**Exercise description:** Copy each line of the listing below exactly.

--*--

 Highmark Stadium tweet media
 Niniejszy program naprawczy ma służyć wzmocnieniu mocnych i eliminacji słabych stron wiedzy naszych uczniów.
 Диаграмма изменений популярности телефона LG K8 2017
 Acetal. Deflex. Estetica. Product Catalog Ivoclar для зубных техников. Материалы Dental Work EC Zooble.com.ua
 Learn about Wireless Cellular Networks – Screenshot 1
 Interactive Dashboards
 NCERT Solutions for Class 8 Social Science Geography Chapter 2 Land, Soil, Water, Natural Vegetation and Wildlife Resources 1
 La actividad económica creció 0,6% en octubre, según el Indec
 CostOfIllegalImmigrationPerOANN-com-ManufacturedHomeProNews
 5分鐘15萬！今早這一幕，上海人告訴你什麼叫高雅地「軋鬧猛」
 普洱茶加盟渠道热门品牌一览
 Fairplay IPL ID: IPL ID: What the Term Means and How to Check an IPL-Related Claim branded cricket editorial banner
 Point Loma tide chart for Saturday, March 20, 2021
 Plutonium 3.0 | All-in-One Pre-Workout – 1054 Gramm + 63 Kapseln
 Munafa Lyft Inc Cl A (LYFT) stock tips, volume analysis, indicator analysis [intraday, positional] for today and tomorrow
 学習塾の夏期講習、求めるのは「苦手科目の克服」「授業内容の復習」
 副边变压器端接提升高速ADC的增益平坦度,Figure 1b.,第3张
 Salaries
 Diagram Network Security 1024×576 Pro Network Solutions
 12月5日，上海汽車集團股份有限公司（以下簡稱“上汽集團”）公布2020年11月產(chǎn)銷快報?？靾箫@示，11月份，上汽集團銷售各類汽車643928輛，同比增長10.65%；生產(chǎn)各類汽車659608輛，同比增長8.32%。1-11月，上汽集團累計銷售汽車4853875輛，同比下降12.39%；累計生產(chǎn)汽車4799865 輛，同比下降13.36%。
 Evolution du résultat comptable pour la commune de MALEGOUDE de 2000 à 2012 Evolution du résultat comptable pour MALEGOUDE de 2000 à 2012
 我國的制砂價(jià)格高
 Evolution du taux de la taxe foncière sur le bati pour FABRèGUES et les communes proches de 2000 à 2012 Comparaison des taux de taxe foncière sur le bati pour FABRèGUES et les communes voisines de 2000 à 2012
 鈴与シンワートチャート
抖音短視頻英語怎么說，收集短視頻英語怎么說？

--*--

**Answer space:**
 Highmark Stadium tweet media
 Niniejszy program naprawczy ma służyć wzmocnieniu mocnych i eliminacji słabych stron wiedzy naszych uczniów.
 Диаграмма изменений популярности телефона LG K8 2017
 Acetal. Deflex. Estetica. Product Catalog Ivoclar для зубных техников. Материалы Dental Work EC Zooble.com.ua
 Learn about Wireless Cellular Networks – Screenshot 1
 Interactive Dashboards
 NCERT Solutions for Class 8 Social Science Geography Chapter 2 Land, Soil, Water, Natural Vegetation and Wildlife Resources 1
 La actividad económica creció 0,6% en octubre, según el Indec
 CostOfIllegalImmigrationPerOANN-com-ManufacturedHomeProNews
 5分鐘15萬！今早這一幕，上海人告訴你什麼叫高雅地「軋鬧猛」
 普洱茶加盟渠道热门品牌一览
 Fairplay IPL ID: IPL ID: What the Term Means and How to Check an IPL-Related Claim branded cricket editorial banner
 Point Loma tide chart for Saturday, March 20, 2021
 Plutonium 3.0 | All-in-One Pre-Workout – 1054 Gramm + 63 Kapseln
 Munafa Lyft Inc Cl A (LYFT) stock tips, volume analysis, indicator analysis [intraday, positional] for today and tomorrow
 学習塾の夏期講習、求めるのは「苦手科目の克服」「授業内容の復習」
 副边变压器端接提升高速ADC的增益平坦度,Figure 1b.,第3张
 Salaries
 Diagram Network Security 1024×576 Pro Network Solutions
 12月5日，上海汽車集團股份有限公司（以下簡稱“上汽集團”）公布2020年11月產(chǎn)銷快報?？靾箫@示，11月份，上汽集團銷售各類汽車643928輛，同比增長10.65%；生產(chǎn)各類汽車659608輛，同比增長8.32%。1-11月，上汽集團累計銷售汽車4853875輛，同比下降12.39%；累計生產(chǎn)汽車4799865 輛，同比下降13.36%。
 Evolution du résultat comptable pour la commune de MALEGOUDE de 2000 à 2012 Evolution du résultat comptable pour MALEGOUDE de 2000 à 2012
 我國的制砂價(jià)格高
 Evolution du taux de la taxe foncière sur le bati pour FABRèGUES et les communes proches de 2000 à 2012 Comparaison des taux de taxe foncière sur le bati pour FABRèGUES et les communes voisines de 2000 à 2012
 鈴与シンワートチャート
抖音短視頻英語怎么說，收集短視頻英語怎么說？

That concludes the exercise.